Si « Welcome to Sky Valley » est aussi culte, c’est avant tout pour son son massif et organique. Josh Homme, futur leader de Queens of the Stone Age, prouve ici qu’il est un architecte sonore hors pair. Son jeu de guitare, réglé sur des amplis poussés à l’extrême et accordé en do, offre un son épais, granitique, presque volcanique. Il ne cherche pas la virtuosité, mais l’efficacité brute, alternant riffs pesants et envolées psychédéliques avec un naturel déconcertant.


La section rythmique, elle, est monumentale. Scott Reeder, bassiste à la fois subtil et puissant, tisse des lignes qui enveloppent et amplifient la lourdeur de l’ensemble. Brant Bjork, batteur et principal compositeur de l’album, joue avec une nonchalance groovy qui donne au disque ce balancement si particulier, entre torpeur et explosion. Et puis, il y a John Garcia, dont la voix rocailleuse et incantatoire semble surgir d’un mirage, comme un prédicateur perdu au milieu du désert.


Chaque morceau de l’album est une pierre angulaire du stoner rock, une ode au lâcher-prise et à la puissance tellurique du son. L’album s’ouvre avec “Gardenia", un riff massif qui impose immédiatement une lourdeur irrésistible, suivi de “Asteroid”, une jam instrumentale hypnotique où la guitare semble résonner comme un écho du désert. Avec “Supa Scoopa and Mighty Scoop”, le groupe joue sur des contrastes saisissants entre riffs écrasants et envolées aériennes, tandis que “100°” accélère brutalement le tempo, injectant une énergie brute et urgente.


Au milieu de cet orage électrique, “Space Cadet” offre un moment suspendu, une ballade acoustique planante, presque méditative, avant que “Demon Cleaner”, morceau culte, ne vienne réinstaller une tension hypnotique avec son groove implacable. La dernière partie de l’album enchaîne des compositions toujours plus denses et abrasives : “Odyssey” et “Conan Troutman” prolongent l’exploration sonore avec des structures explosives, tandis que “N.O.” (reprise du groupe Across the River) apporte une dose supplémentaire de sauvagerie. Enfin, “Whitewater”, titre final de plus de neuf minutes, clôt le voyage dans un tourbillon sonore, laissant l’auditeur lessivé mais conquis.

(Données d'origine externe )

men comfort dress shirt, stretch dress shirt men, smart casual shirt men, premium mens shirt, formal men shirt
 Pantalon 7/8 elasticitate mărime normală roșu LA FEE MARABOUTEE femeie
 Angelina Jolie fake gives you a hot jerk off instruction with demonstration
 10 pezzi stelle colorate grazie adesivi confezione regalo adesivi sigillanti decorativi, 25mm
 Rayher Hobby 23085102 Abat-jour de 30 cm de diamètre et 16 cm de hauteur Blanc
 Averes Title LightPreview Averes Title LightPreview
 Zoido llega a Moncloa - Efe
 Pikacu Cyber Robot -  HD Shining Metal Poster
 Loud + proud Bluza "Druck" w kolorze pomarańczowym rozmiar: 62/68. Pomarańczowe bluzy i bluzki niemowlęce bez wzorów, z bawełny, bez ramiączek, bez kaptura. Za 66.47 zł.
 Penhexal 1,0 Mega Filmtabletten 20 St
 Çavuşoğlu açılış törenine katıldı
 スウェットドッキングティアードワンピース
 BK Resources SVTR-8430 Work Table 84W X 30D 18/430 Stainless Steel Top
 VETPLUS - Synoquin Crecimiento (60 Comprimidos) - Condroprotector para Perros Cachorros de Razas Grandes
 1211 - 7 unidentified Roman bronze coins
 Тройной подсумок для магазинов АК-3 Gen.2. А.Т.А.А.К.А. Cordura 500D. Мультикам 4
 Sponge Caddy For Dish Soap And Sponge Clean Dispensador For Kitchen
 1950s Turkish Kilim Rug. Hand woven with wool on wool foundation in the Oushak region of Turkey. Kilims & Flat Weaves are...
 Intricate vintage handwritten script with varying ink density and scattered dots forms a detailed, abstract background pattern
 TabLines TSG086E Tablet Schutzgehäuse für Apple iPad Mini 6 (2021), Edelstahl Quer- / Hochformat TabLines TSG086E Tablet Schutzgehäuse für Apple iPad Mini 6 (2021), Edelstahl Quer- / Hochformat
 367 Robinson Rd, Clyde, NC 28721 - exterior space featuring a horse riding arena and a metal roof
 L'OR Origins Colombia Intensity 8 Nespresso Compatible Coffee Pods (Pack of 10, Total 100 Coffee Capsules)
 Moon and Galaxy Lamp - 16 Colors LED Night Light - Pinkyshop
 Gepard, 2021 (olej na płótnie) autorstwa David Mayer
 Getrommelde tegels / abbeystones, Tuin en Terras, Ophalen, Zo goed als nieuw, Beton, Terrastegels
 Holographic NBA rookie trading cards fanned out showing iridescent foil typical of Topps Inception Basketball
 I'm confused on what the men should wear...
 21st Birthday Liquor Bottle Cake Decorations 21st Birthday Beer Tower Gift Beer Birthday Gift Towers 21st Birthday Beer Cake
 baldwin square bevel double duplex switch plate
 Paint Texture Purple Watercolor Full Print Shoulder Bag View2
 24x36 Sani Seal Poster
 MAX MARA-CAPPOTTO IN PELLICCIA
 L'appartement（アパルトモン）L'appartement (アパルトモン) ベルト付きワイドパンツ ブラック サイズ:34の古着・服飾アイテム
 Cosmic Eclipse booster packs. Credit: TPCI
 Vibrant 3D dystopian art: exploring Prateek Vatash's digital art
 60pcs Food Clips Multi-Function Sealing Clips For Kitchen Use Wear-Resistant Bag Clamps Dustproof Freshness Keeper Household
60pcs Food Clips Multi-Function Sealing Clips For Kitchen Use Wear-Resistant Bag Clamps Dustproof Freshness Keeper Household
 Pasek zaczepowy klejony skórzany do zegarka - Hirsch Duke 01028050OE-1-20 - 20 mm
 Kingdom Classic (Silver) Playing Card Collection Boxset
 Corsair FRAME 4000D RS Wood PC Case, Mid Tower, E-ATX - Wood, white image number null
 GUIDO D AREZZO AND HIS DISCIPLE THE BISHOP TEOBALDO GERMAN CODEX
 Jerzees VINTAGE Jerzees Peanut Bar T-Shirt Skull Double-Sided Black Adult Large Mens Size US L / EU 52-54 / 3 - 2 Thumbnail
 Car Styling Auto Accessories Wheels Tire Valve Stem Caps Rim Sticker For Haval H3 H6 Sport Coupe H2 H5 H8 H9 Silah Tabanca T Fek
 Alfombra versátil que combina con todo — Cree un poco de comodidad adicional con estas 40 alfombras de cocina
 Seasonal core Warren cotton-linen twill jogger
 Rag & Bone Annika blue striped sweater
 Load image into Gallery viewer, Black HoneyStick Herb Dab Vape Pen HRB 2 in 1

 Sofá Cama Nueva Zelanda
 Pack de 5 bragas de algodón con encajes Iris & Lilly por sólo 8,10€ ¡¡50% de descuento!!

Une influence considérable et pour l'éternité


« Welcome to Sky Valley » n’a pas seulement marqué son époque : il a influencé des générations entières de musiciens, du stoner pur et dur (Fu Manchu, Truckfighters, Orange Goblin) aux groupes plus alternatifs. Il a défini l’esthétique sonore et visuelle du stoner : ces images de longues routes désertiques, de vieilles voitures rouillées et de jams sous la pleine lune. Mais surtout, cet album ne vieillit pas. Trente ans après sa sortie, il reste une référence incontournable, un disque qui continue d’aspirer l’auditeur dans son vortex brûlant. Il est l’illustration parfaite d’un rock libre, sauvage, organique, dénué de tout artifice.


Si vous ne l’avez jamais écouté, coupez tout, mettez un casque, et laissez-vous engloutir par « Welcome to Sky Valley ». Une fois le voyage terminé, vous ne verrez plus jamais le rock de la même manière.